Common complaints we investigate and how we might resolve them

“Our recommendations can help

those in custody and even lead to

improvements in the prison.”


In this issue of The Investigator, we wanted to highlight some of the more common complaints we investigate and how we might resolve them.


The most common complaint we receive relates to lost, missing or damaged property – and these complaints make up about 30% of our workload each year.

We know that property issues can affect anyone in prison, and that they can be extremely upsetting and frustrating for those in custody. Property complaints can be complicated for us to investigate, particularly those involving multiple prisons and difficult to read or poorly completed property cards. Often, our role is to remind prison staff that there is a comprehensive HMPPS property policy which gives plenty of guidance on how to correctly manage and record prisoners’ property. For example, we investigate cases where prison staff haven’t completed a cell clearance certificate when a prisoner has moved cell and hasn’t packed their own property. Cases where staff simply haven’t followed procedures are relatively simple for us to investigate, but it’s frustrating to find the same issues arising time after time.

If we uphold a property complaint – which means we agree with the person who made the complaint – we can make recommendations to the prison to set things right. Most importantly for the person who complained, we often ask the prison to pay compensation so that they can buy replacements.  If the property in question is of personal or sentimental rather than monetary value, we can recommend that staff apologise to the complainant. If our investigation identifies more widespread problems, we might recommend that the prison governor checks staff are complying with the HMPPS policy, or that they introduce new processes to ensure property doesn’t get lost or damaged.


image of a complaints box

Staff behaviour

A small, but important, number of our complaint investigations are about staff behaviour. Sometimes these complaints are about the quality of day to day relationships, but some relate to use of force incidents.

These complaints can be among the most difficult to investigate because it is often one person’s word against another and so we rely heavily on CCTV or body worn video camera footage of the incident. We have been working closely with HMPPS to make sure that staff understand the importance of turning on their body worn video cameras at the beginning of an incident, and making sure that the footage is kept safe in case we, or the police, need to investigate.

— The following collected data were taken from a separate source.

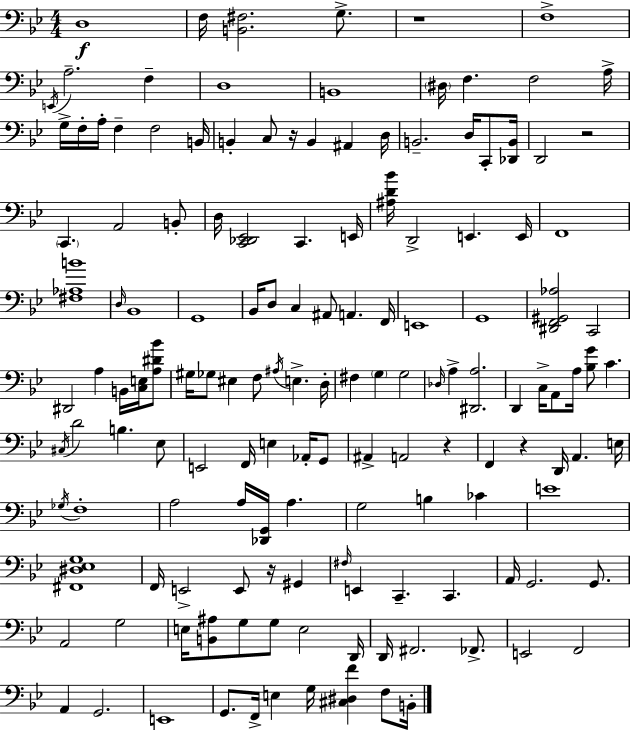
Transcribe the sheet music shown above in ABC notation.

X:1
T:Untitled
M:4/4
L:1/4
K:Gm
D,4 F,/4 [B,,^F,]2 G,/2 z4 F,4 E,,/4 A,2 F, D,4 B,,4 ^D,/4 F, F,2 A,/4 G,/4 F,/4 A,/4 F, F,2 B,,/4 B,, C,/2 z/4 B,, ^A,, D,/4 B,,2 D,/4 C,,/2 [_D,,B,,]/4 D,,2 z2 C,, A,,2 B,,/2 D,/4 [C,,_D,,_E,,]2 C,, E,,/4 [^A,D_B]/4 D,,2 E,, E,,/4 F,,4 [^F,_A,B]4 D,/4 _B,,4 G,,4 _B,,/4 D,/2 C, ^A,,/2 A,, F,,/4 E,,4 G,,4 [^D,,F,,^G,,_A,]2 C,,2 ^D,,2 A, B,,/4 [C,E,]/4 [A,^D_B]/2 ^G,/4 _G,/2 ^E, F,/2 ^A,/4 E, D,/4 ^F, G, G,2 _D,/4 A, [^D,,A,]2 D,, C,/4 A,,/2 A,/4 [_B,G]/2 C ^C,/4 D2 B, _E,/2 E,,2 F,,/4 E, _A,,/4 G,,/2 ^A,, A,,2 z F,, z D,,/4 A,, E,/4 _G,/4 F,4 A,2 A,/4 [_D,,G,,]/4 A, G,2 B, _C E4 [^F,,^D,_E,G,]4 F,,/4 E,,2 E,,/2 z/4 ^G,, ^F,/4 E,, C,, C,, A,,/4 G,,2 G,,/2 A,,2 G,2 E,/4 [B,,^A,]/2 G,/2 G,/2 E,2 D,,/4 D,,/4 ^F,,2 _F,,/2 E,,2 F,,2 A,, G,,2 E,,4 G,,/2 F,,/4 E, G,/4 [^C,^D,F] F,/2 B,,/4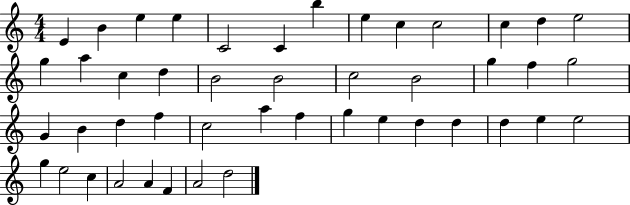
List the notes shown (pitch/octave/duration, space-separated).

E4/q B4/q E5/q E5/q C4/h C4/q B5/q E5/q C5/q C5/h C5/q D5/q E5/h G5/q A5/q C5/q D5/q B4/h B4/h C5/h B4/h G5/q F5/q G5/h G4/q B4/q D5/q F5/q C5/h A5/q F5/q G5/q E5/q D5/q D5/q D5/q E5/q E5/h G5/q E5/h C5/q A4/h A4/q F4/q A4/h D5/h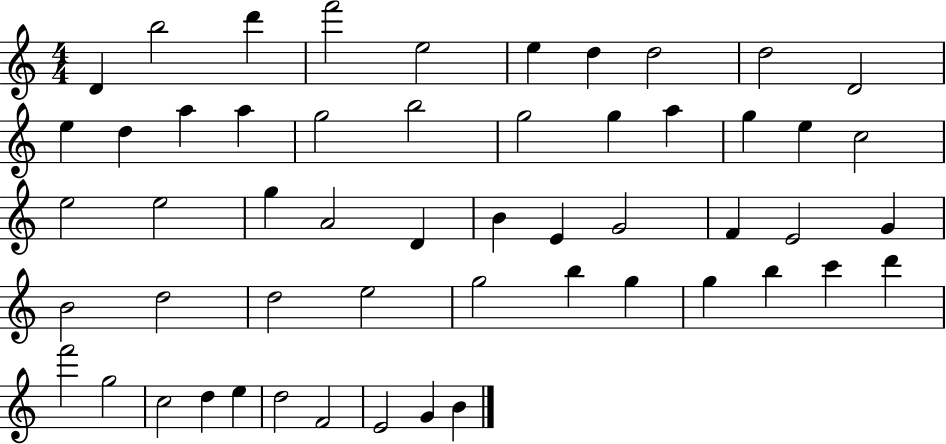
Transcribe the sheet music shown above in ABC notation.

X:1
T:Untitled
M:4/4
L:1/4
K:C
D b2 d' f'2 e2 e d d2 d2 D2 e d a a g2 b2 g2 g a g e c2 e2 e2 g A2 D B E G2 F E2 G B2 d2 d2 e2 g2 b g g b c' d' f'2 g2 c2 d e d2 F2 E2 G B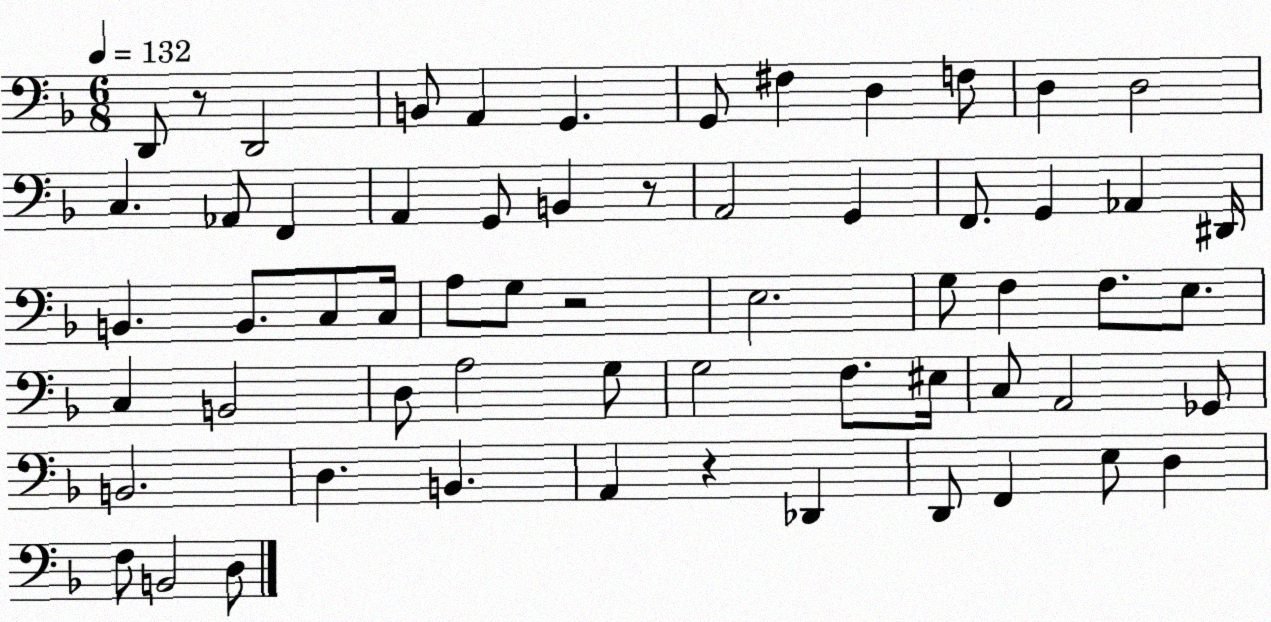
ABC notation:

X:1
T:Untitled
M:6/8
L:1/4
K:F
D,,/2 z/2 D,,2 B,,/2 A,, G,, G,,/2 ^F, D, F,/2 D, D,2 C, _A,,/2 F,, A,, G,,/2 B,, z/2 A,,2 G,, F,,/2 G,, _A,, ^D,,/4 B,, B,,/2 C,/2 C,/4 A,/2 G,/2 z2 E,2 G,/2 F, F,/2 E,/2 C, B,,2 D,/2 A,2 G,/2 G,2 F,/2 ^E,/4 C,/2 A,,2 _G,,/2 B,,2 D, B,, A,, z _D,, D,,/2 F,, E,/2 D, F,/2 B,,2 D,/2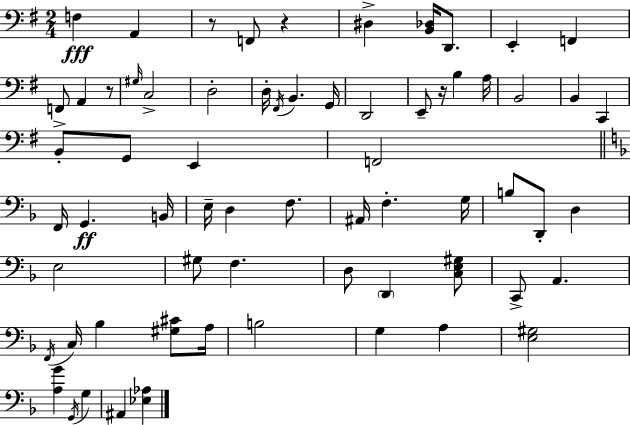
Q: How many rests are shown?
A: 4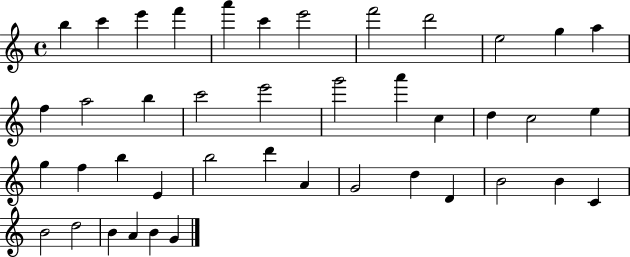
B5/q C6/q E6/q F6/q A6/q C6/q E6/h F6/h D6/h E5/h G5/q A5/q F5/q A5/h B5/q C6/h E6/h G6/h A6/q C5/q D5/q C5/h E5/q G5/q F5/q B5/q E4/q B5/h D6/q A4/q G4/h D5/q D4/q B4/h B4/q C4/q B4/h D5/h B4/q A4/q B4/q G4/q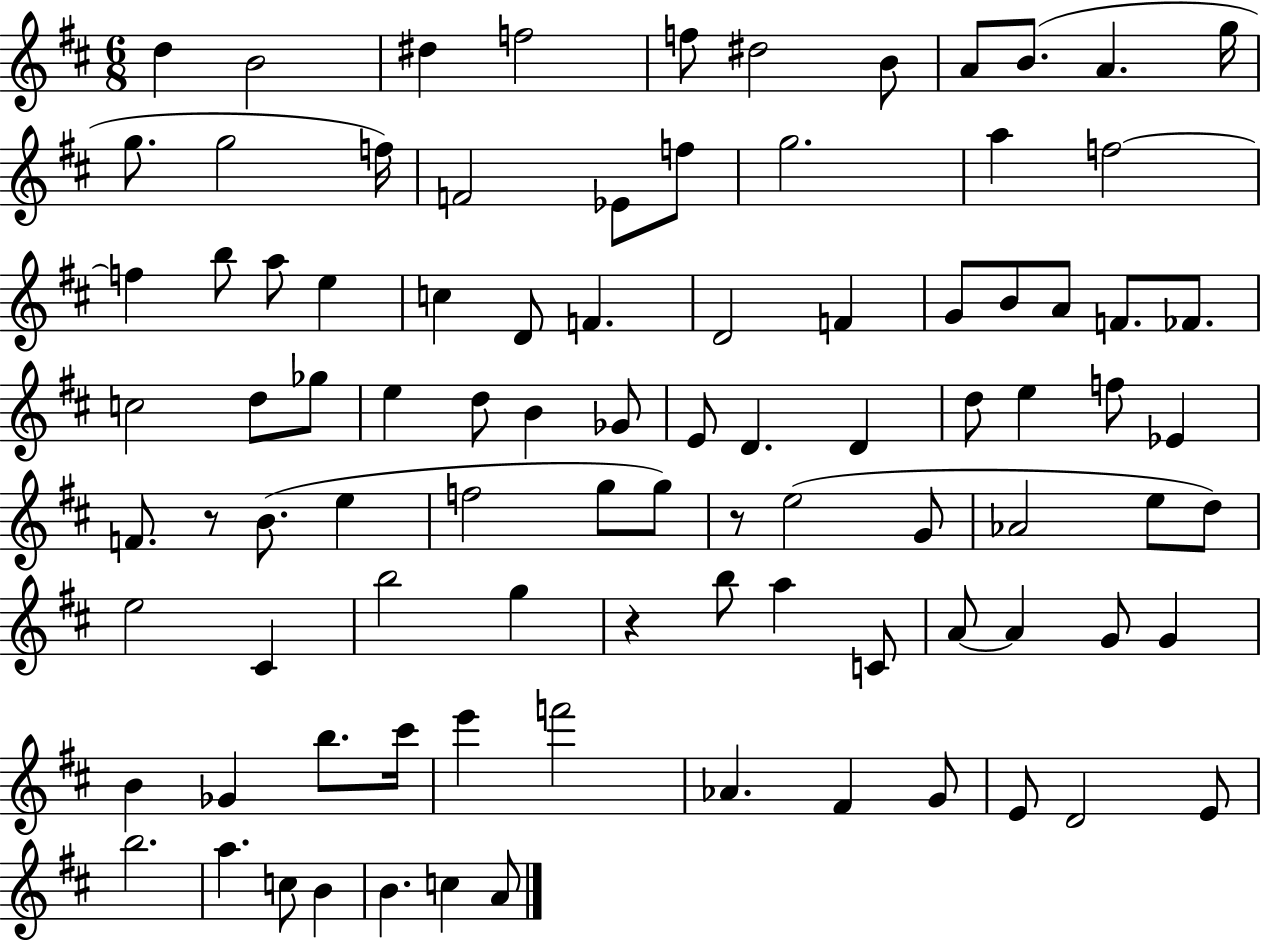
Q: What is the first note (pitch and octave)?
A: D5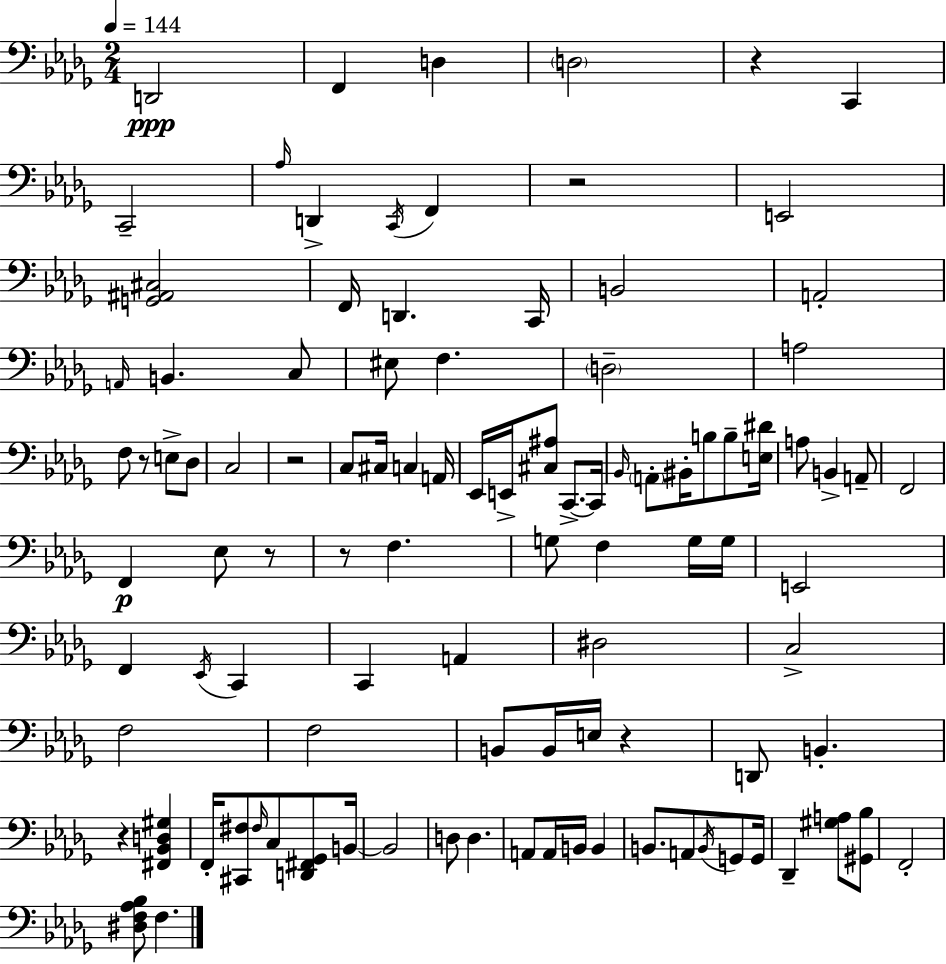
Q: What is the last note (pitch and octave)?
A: F3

As you might expect, there’s a detailed HMPPS policy on use of force (PSO 1600) which sets out when and how staff can use force against a prisoner and what must happen after a use of force incident. Part of our investigation might involve:

  • looking for evidence that staff tried to calm the situation before using force based on the evidence available,
  • considering whether the force used was reasonable and proportionate,
  • looking at whether the prisoner was examined by healthcare staff soon afterwards,
  • looking for evidence that staff completed a witness statement shortly after the incident.

If we find that staff did not comply with the policy, we make recommendations to ensure mistakes aren’t repeated. If we have serious concerns about how staff have behaved, we can recommend that the governor carries out an investigation.

Work and pay

Sometimes we receive complaints from prisoners who think that they were unfairly dismissed from work or weren’t paid properly. To investigate, we look at national policies, but also local policies that the prison has created. This means that policies can differ from prison to prison and we know that can be frustrating for the complainant. However, we will check that local policies comply with national policies. If we find that mistakes have been made, we recommend actions to put things right, for example ensuring the complainant is paid the correct amount, or that the local policy be changed.

We hope this article has given more information about some of the types of complaints we investigate and highlighted how our recommendations can help those in custody and even lead to improvements in the prison.